[Data items]
________________
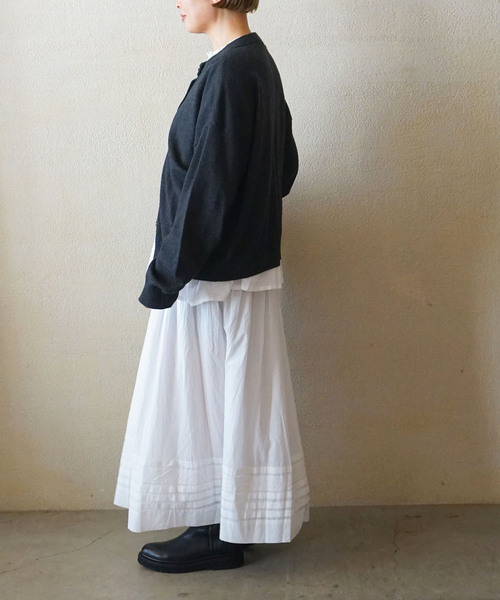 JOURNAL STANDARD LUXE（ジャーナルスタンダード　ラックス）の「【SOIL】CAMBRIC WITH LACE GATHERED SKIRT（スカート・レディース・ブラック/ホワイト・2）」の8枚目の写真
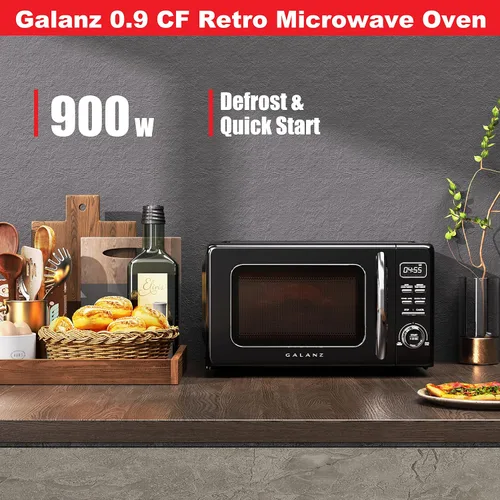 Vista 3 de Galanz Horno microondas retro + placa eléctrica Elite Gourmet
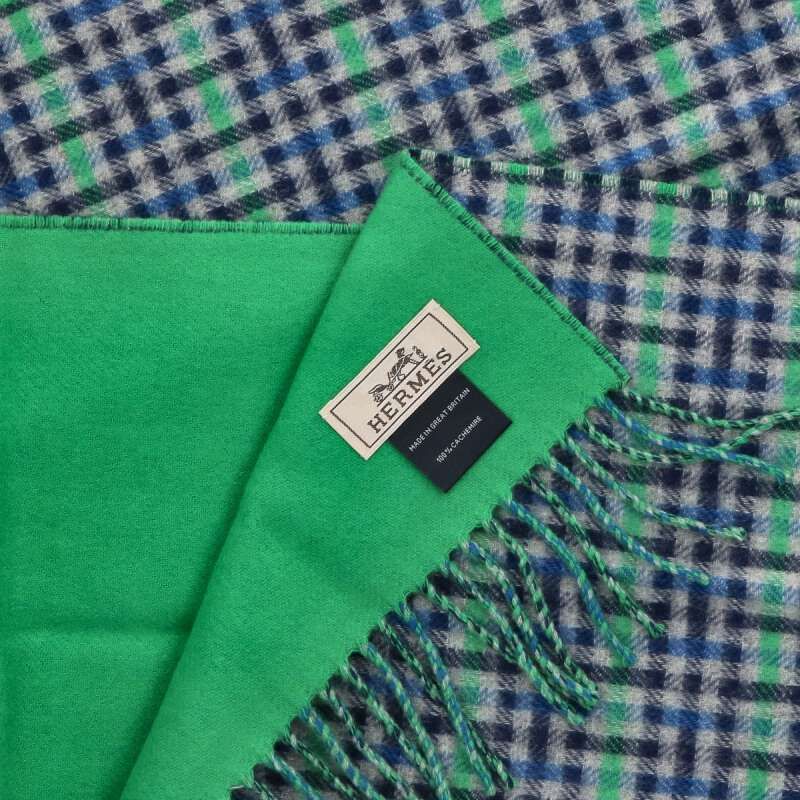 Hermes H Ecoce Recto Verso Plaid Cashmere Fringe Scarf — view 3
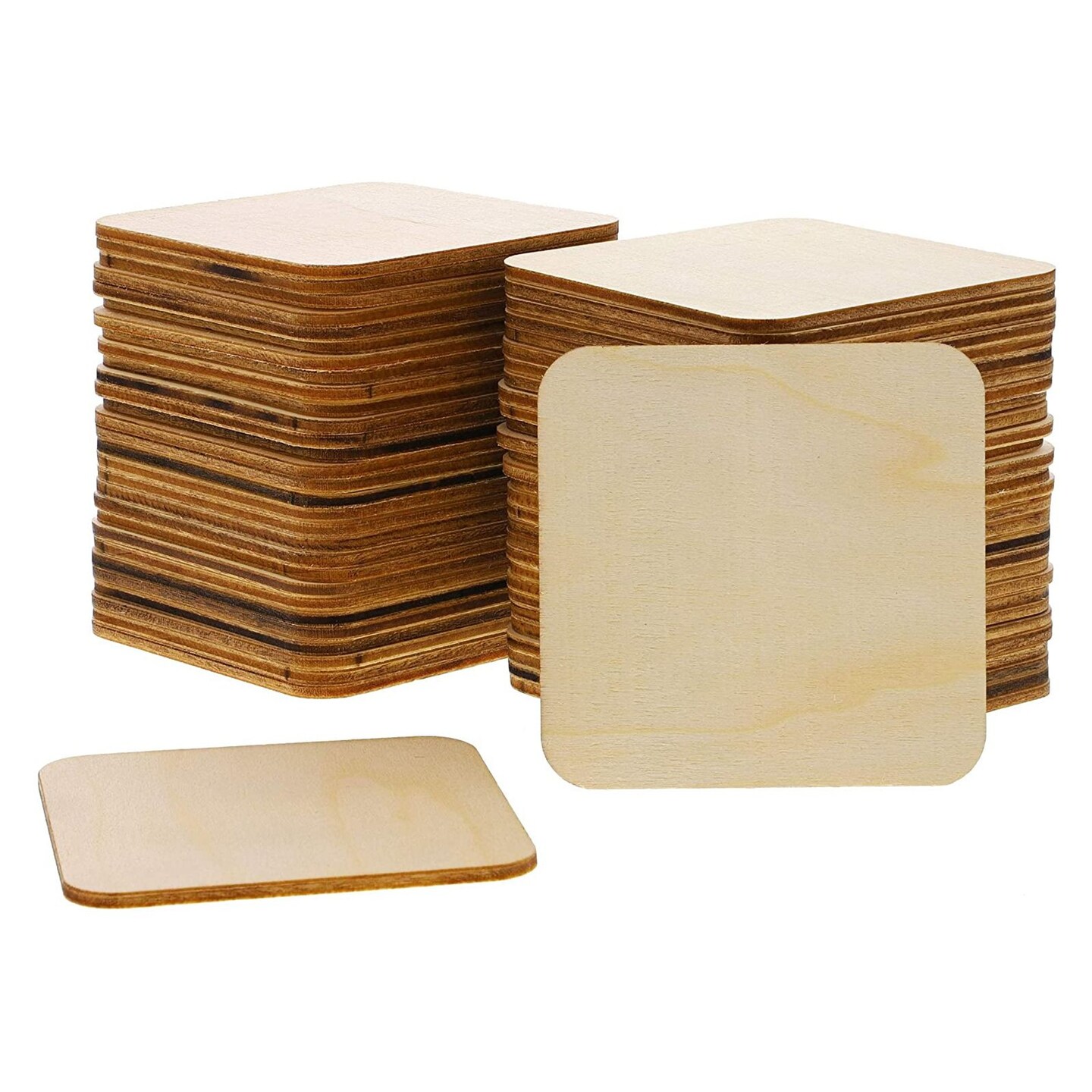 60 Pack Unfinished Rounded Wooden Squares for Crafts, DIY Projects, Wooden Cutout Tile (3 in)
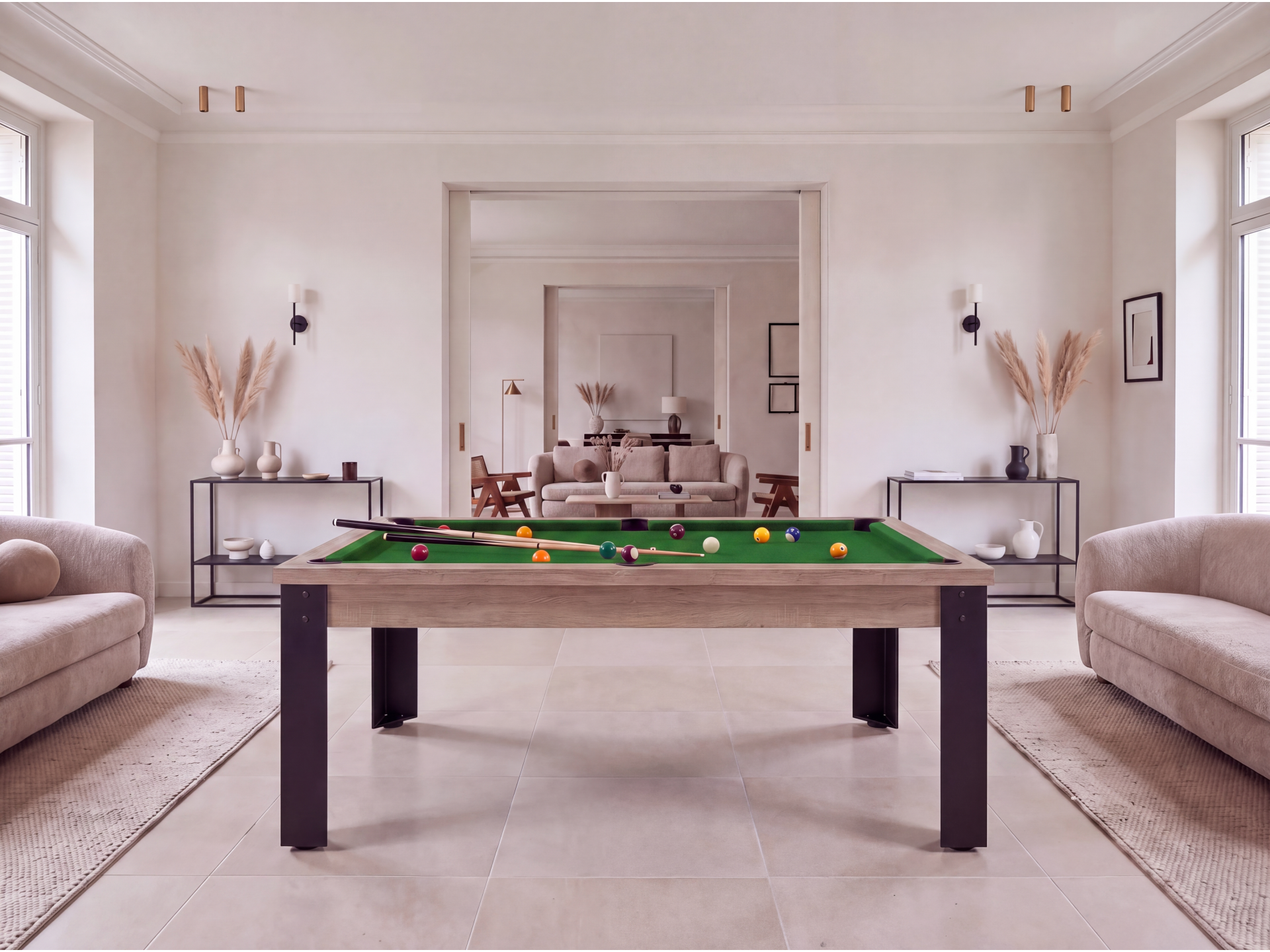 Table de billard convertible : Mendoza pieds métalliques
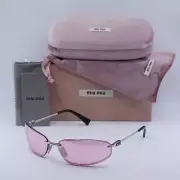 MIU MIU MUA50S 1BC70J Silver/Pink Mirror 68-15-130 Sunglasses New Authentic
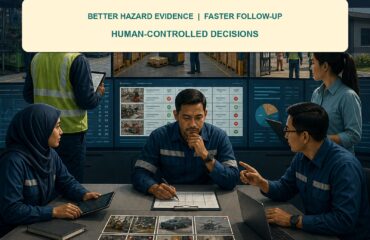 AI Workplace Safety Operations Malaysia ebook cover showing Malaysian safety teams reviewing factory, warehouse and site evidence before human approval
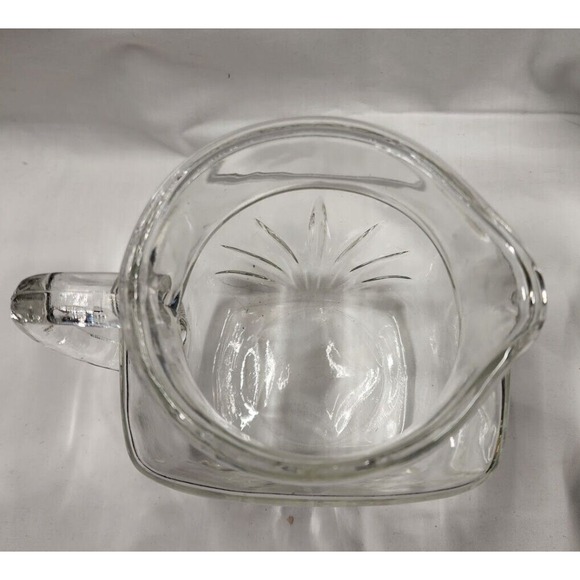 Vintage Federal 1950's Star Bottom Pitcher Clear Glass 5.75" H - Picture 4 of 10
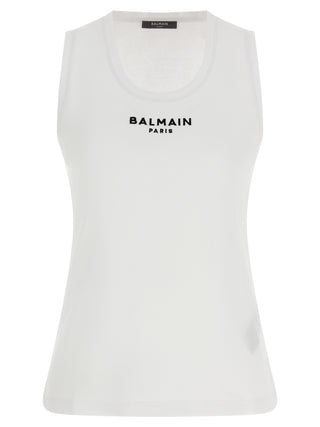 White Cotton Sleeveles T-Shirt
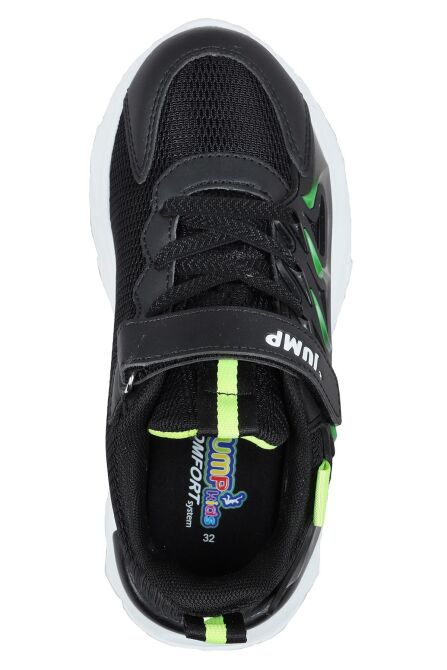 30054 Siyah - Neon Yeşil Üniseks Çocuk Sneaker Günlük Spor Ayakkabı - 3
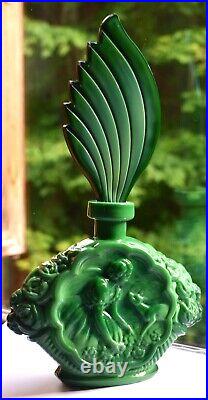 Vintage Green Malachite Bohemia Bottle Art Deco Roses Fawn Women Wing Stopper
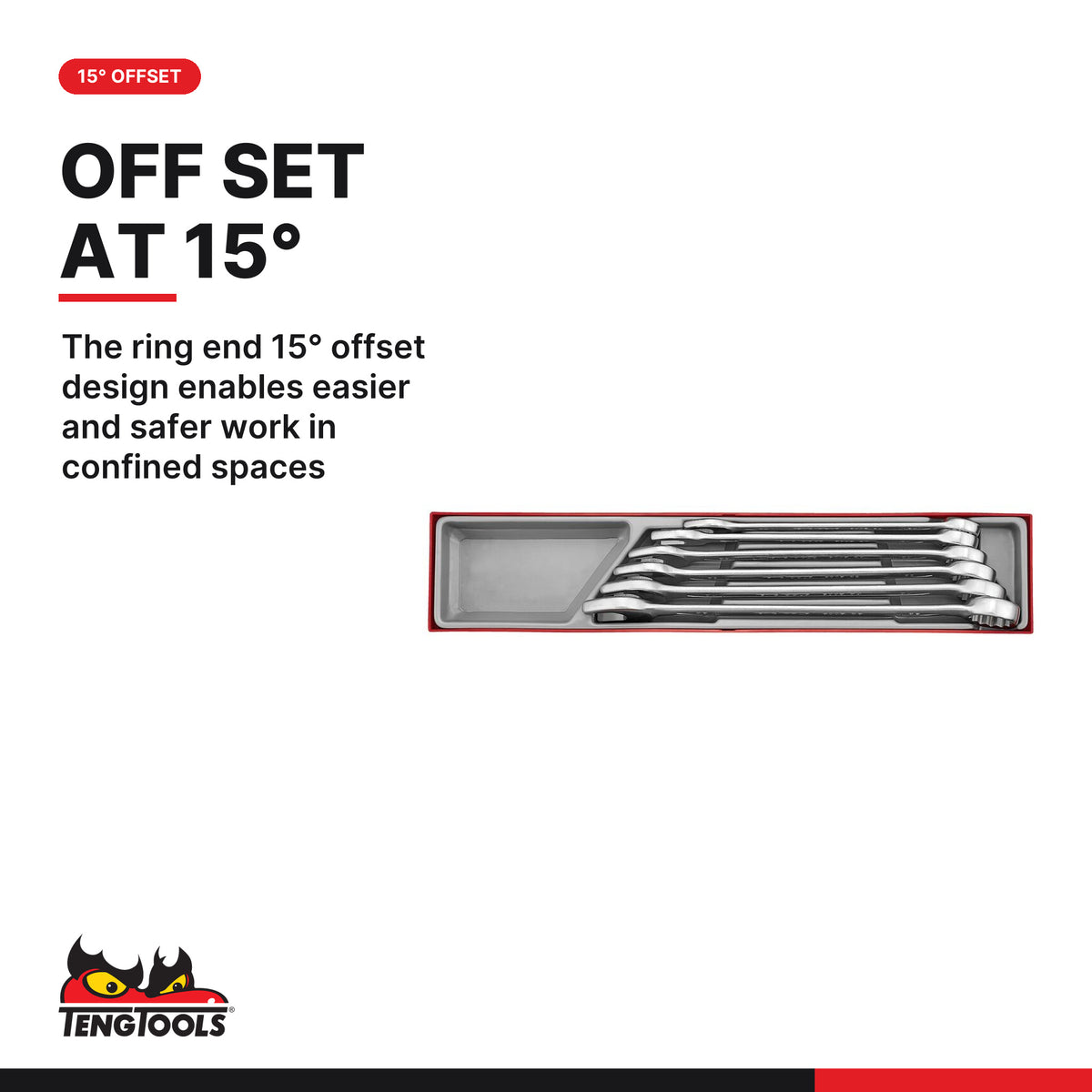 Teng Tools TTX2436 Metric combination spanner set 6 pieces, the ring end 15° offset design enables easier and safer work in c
________________
What the task asks: Instructions for the copy: start at the first entry, stop after the line containing "Vintage Green Malachite", keep every line exact, and drop the pictures.

Exercise response:
 JOURNAL STANDARD LUXE（ジャーナルスタンダード　ラックス）の「【SOIL】CAMBRIC WITH LACE GATHERED SKIRT（スカート・レディース・ブラック/ホワイト・2）」の8枚目の写真
 Vista 3 de Galanz Horno microondas retro + placa eléctrica Elite Gourmet
 Hermes H Ecoce Recto Verso Plaid Cashmere Fringe Scarf — view 3
 60 Pack Unfinished Rounded Wooden Squares for Crafts, DIY Projects, Wooden Cutout Tile (3 in)
 Table de billard convertible : Mendoza pieds métalliques
 MIU MIU MUA50S 1BC70J Silver/Pink Mirror 68-15-130 Sunglasses New Authentic
 AI Workplace Safety Operations Malaysia ebook cover showing Malaysian safety teams reviewing factory, warehouse and site evidence before human approval
 Vintage Federal 1950's Star Bottom Pitcher Clear Glass 5.75" H - Picture 4 of 10
 White Cotton Sleeveles T-Shirt
 30054 Siyah - Neon Yeşil Üniseks Çocuk Sneaker Günlük Spor Ayakkabı - 3
 Vintage Green Malachite Bohemia Bottle Art Deco Roses Fawn Women Wing Stopper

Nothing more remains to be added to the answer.